A senhora colocou um pouco do sangue na maquineta e passados uns segundos apitou e mostrou uma luz verde.

-  A mais nova, se fazem favor.

A mãe deu um passo em frente e o processo repetiu-se com a mais nova.
A senhora colocou parte do sangue da sua irmã na máquina e segundos depois esta apitou e mostrou uma luz verde como a sua.

A senhora escreveu algo numa folha e pegou em dois tubinhos onde colou dois papéis brancos com algo que Joana não conseguia ler.

- Hmm esses não são os nomes delas. - disse a mãe de Joana ao observar a senhora.

- Agora são. - foi tudo. Esta deitou o resto do sangue nos respetivos tubos e fez sinal para alguém atrás de si chamando dois guardas.

Antecipando o que iria suceder Joana agarrou-se à perna da mãe.

A senhora entregou duas folhas a um dos seguranças e apontou para a pequena família.

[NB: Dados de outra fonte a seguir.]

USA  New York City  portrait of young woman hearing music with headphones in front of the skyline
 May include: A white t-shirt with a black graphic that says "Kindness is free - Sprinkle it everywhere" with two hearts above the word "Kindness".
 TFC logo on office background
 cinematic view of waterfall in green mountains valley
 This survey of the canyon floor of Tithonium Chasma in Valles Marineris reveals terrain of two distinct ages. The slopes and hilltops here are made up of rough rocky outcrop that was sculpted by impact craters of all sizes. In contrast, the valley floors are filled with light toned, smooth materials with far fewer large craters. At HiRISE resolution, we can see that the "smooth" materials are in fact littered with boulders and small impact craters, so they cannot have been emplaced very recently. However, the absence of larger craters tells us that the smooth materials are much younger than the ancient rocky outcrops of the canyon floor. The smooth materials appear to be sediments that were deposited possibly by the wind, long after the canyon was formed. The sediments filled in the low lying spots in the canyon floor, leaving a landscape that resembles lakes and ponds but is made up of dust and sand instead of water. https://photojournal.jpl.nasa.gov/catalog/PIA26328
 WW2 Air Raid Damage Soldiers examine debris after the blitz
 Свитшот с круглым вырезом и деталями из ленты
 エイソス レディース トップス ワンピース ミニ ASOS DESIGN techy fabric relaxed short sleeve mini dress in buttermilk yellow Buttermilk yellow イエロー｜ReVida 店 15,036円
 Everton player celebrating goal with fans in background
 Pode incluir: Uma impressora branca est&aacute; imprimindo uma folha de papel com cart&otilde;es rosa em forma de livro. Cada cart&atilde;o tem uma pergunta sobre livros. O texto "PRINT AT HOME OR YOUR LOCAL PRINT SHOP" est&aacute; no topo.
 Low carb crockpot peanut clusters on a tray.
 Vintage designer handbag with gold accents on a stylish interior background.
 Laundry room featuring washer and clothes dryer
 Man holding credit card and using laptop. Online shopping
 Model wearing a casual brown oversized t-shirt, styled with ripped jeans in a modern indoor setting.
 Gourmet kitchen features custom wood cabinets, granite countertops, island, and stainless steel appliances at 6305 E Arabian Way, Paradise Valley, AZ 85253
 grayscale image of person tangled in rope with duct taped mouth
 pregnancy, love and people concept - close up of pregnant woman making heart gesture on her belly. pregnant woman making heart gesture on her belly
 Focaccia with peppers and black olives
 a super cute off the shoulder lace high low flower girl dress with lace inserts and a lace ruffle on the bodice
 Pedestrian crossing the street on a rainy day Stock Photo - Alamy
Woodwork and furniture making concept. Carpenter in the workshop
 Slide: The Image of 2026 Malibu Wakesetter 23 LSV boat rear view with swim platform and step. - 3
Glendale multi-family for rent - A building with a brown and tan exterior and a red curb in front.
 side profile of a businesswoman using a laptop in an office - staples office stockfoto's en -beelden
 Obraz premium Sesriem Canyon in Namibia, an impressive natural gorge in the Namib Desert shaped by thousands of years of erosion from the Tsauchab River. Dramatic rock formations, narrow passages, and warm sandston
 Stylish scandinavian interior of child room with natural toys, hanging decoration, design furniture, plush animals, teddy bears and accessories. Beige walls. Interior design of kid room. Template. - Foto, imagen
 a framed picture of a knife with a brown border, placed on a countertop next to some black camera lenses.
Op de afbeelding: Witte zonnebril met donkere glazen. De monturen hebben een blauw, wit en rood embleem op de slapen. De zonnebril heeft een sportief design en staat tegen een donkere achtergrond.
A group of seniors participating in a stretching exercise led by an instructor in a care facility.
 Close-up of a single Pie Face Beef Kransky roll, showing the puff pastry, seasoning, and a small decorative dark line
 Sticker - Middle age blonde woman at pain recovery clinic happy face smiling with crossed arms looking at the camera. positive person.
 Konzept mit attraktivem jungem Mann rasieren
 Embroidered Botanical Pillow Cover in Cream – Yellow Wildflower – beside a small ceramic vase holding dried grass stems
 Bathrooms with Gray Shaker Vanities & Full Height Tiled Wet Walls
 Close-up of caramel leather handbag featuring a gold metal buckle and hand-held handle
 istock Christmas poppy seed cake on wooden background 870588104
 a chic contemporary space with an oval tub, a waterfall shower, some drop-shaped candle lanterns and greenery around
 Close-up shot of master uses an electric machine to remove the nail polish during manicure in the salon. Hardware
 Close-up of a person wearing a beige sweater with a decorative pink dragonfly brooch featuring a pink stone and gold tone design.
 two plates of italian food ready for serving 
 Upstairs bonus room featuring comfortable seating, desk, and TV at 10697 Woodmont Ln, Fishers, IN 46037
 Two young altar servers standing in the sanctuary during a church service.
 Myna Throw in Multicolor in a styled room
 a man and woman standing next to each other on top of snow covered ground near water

O mais alto dos dois deu um passo em direção a Joana que gritou de imediato.

- Não quero ir! Não me deixem! - chorava ela em plenos pulmões.

- Vai ter que ser... - disse o pai - Nós adoramos-te. Isto é para o teu bem. Lembra-te disso.

Aos poucos largou a perna da mãe e agarrou a mão do segurança apertando com força outra que tinha a boneca com pequenas lágrimas escorrendo pela sua cara.

Viu os pais despedirem-se da bebe e a entregarem-na.

- Toma conta dela. - disseram-lhe antes de ser puxada pela mão para dentro da tenda.

Aconteceu tudo muito rápido. O súbito movimento da guarda à sua esquerda despertou a sua atenção. Os seus pais caíram no chão de pedra um atrás do outro.

- Não! MAMA! PA/ - um segurança tapou-lhe a boca e a porta da tenda fechou-se.